DATA TO USE Start Marker
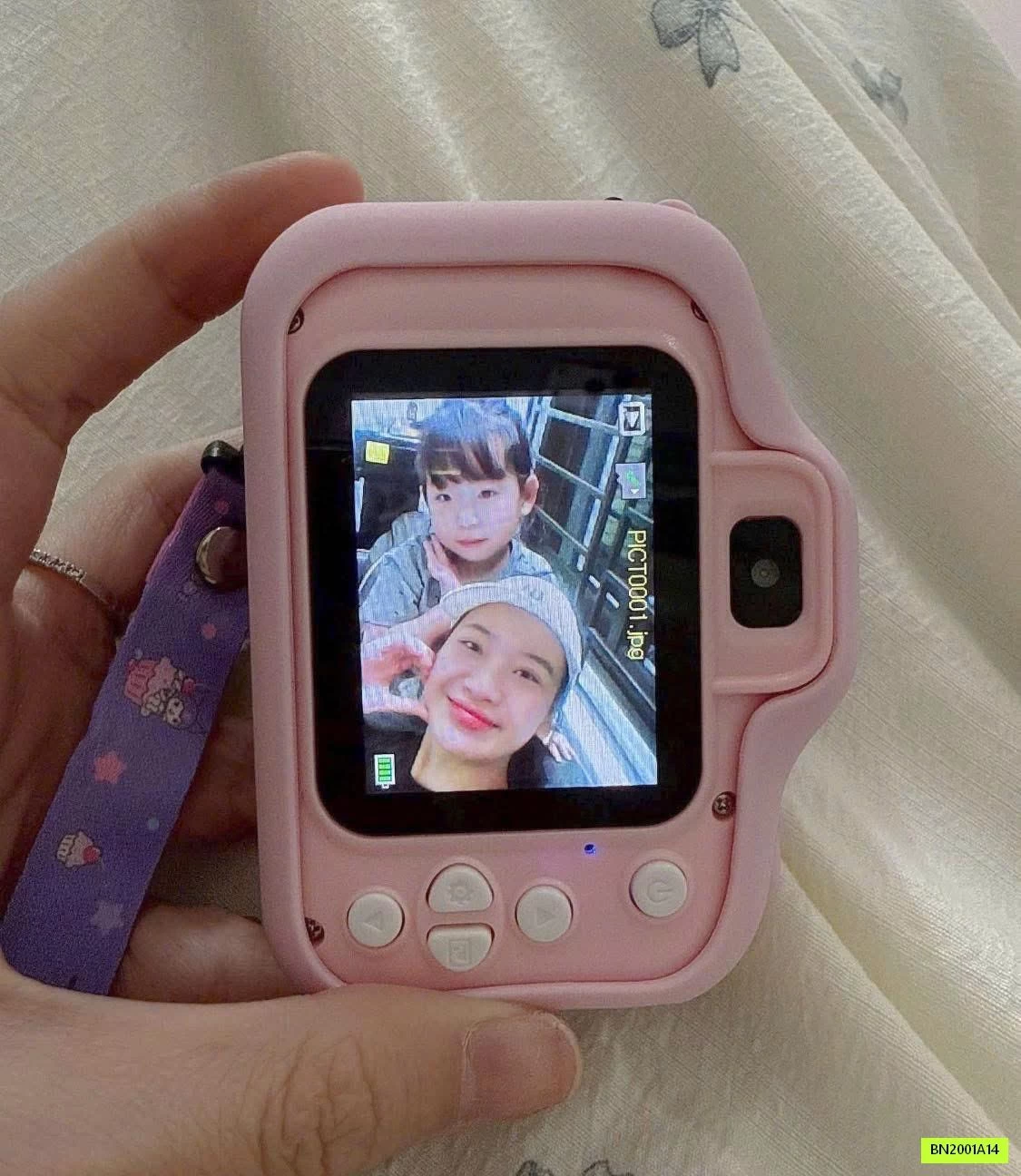 MÁY ẢNH MINI KÈM THẺ NHỚ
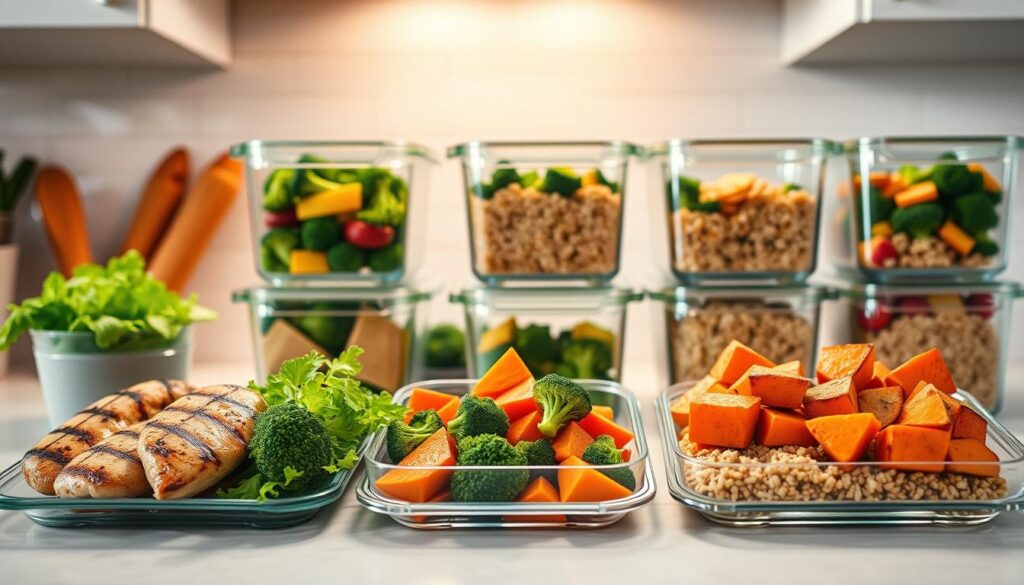 Weekly Clean Eating Prep 100% 2 balanced meal prep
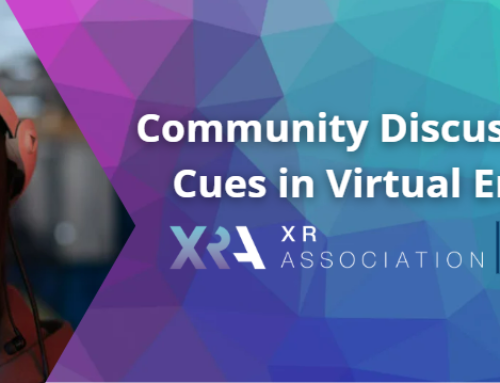 Community Discussion on Audio Cues in Virtual Environments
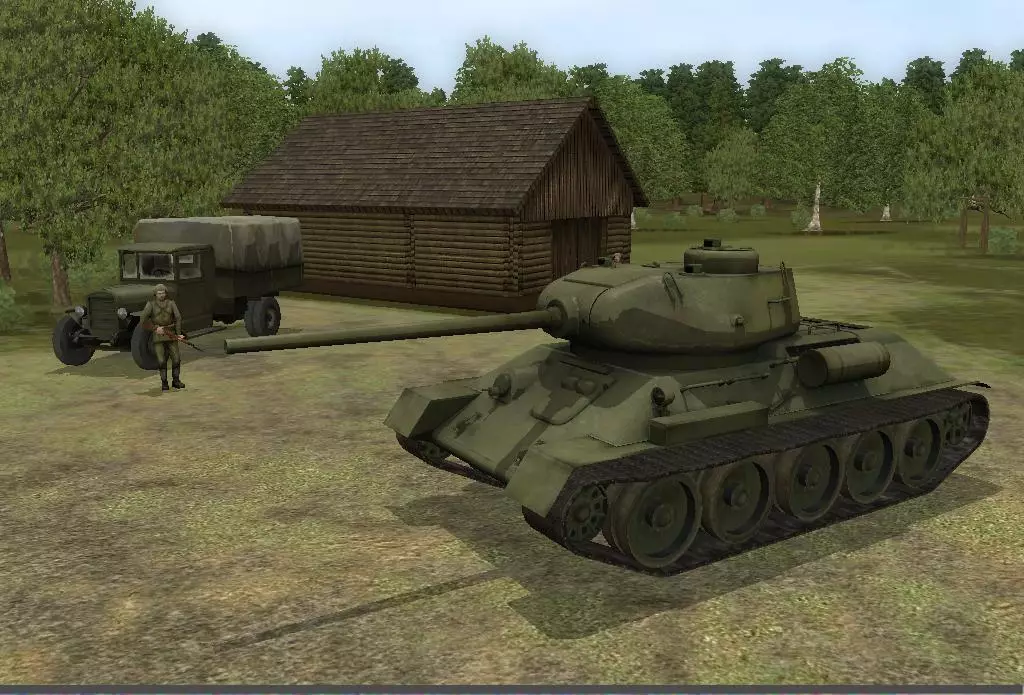 WWII Battle Tanks: T-34 vs. Tiger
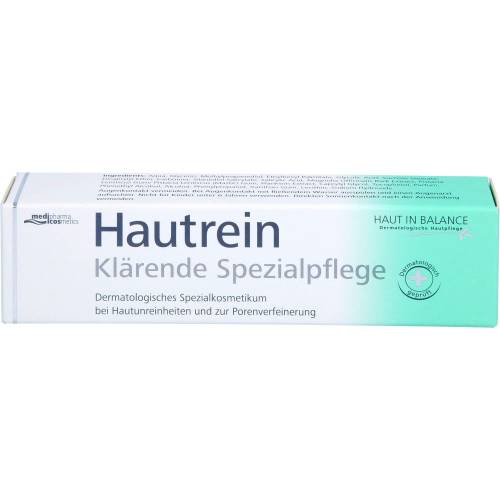 Haut In Balance Hautrein Klärende Spezialpfl. Cr. 20 ml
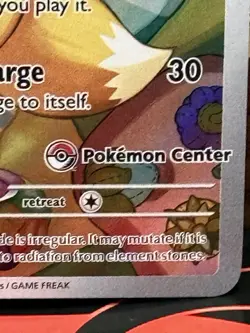 Pokemon Center Eevee #173 Stamped Promo Prismatic Evolutions - Image 2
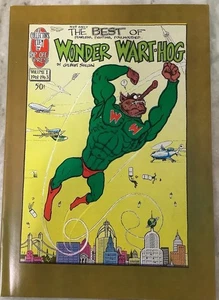 The Best of Wonder Warthog 1973 Underground Comic Book Rip Off Press 1st Print - Picture 1 of 10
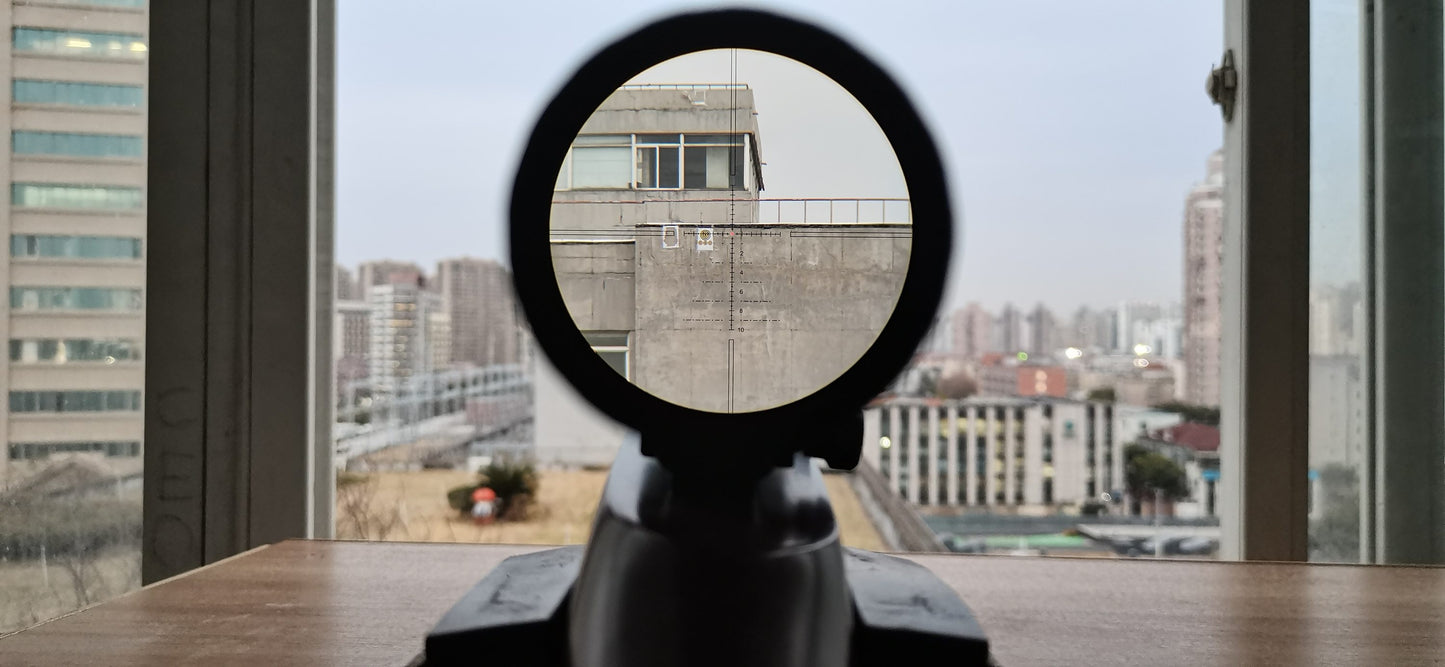 🔭 Paragon 6-30x56 GenII SFP Riflescope | 90% Light Transmission | 6-Gear Illumination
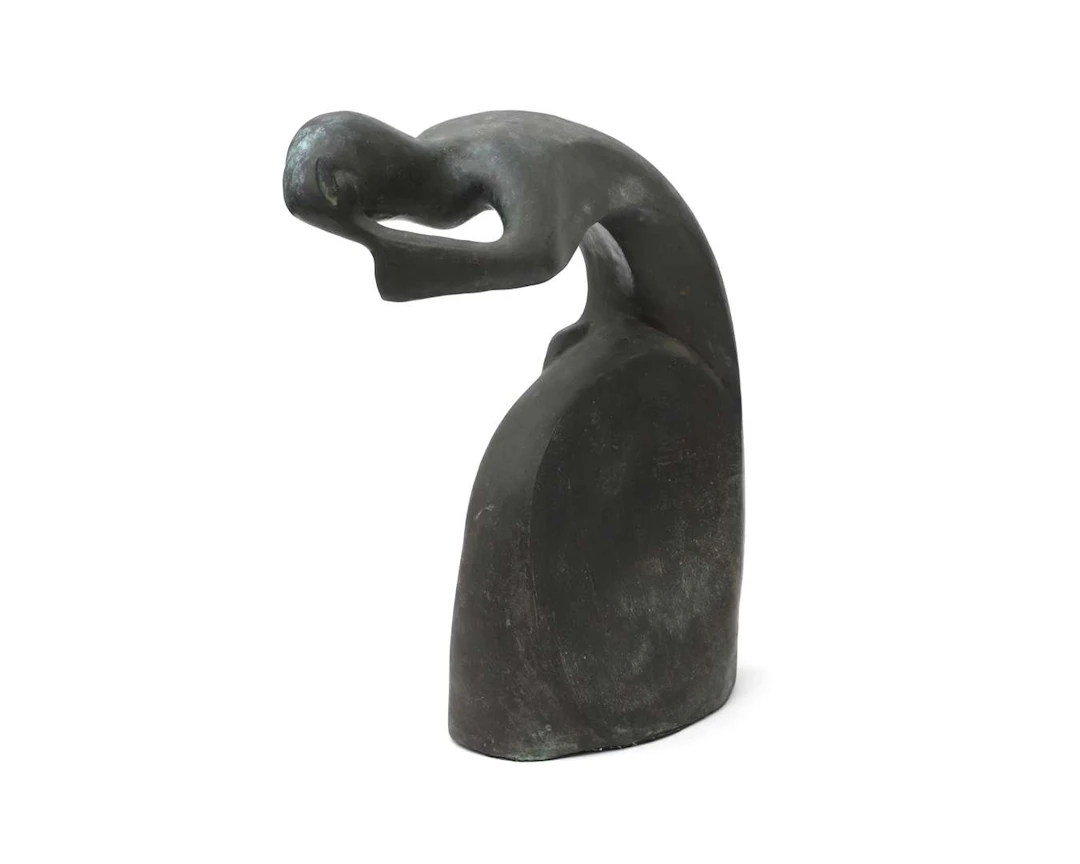 Marga Brey (1932), 'La Tristesse'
DATA TO USE End Marker
EXERCISE DETAILS: Would you set down each line of the data exactly, with no images included?

RESULT BELOW:
 MÁY ẢNH MINI KÈM THẺ NHỚ
 Weekly Clean Eating Prep 100% 2 balanced meal prep
 Community Discussion on Audio Cues in Virtual Environments
 WWII Battle Tanks: T-34 vs. Tiger
 Haut In Balance Hautrein Klärende Spezialpfl. Cr. 20 ml
 Pokemon Center Eevee #173 Stamped Promo Prismatic Evolutions - Image 2
 The Best of Wonder Warthog 1973 Underground Comic Book Rip Off Press 1st Print - Picture 1 of 10
 🔭 Paragon 6-30x56 GenII SFP Riflescope | 90% Light Transmission | 6-Gear Illumination
 Marga Brey (1932), 'La Tristesse'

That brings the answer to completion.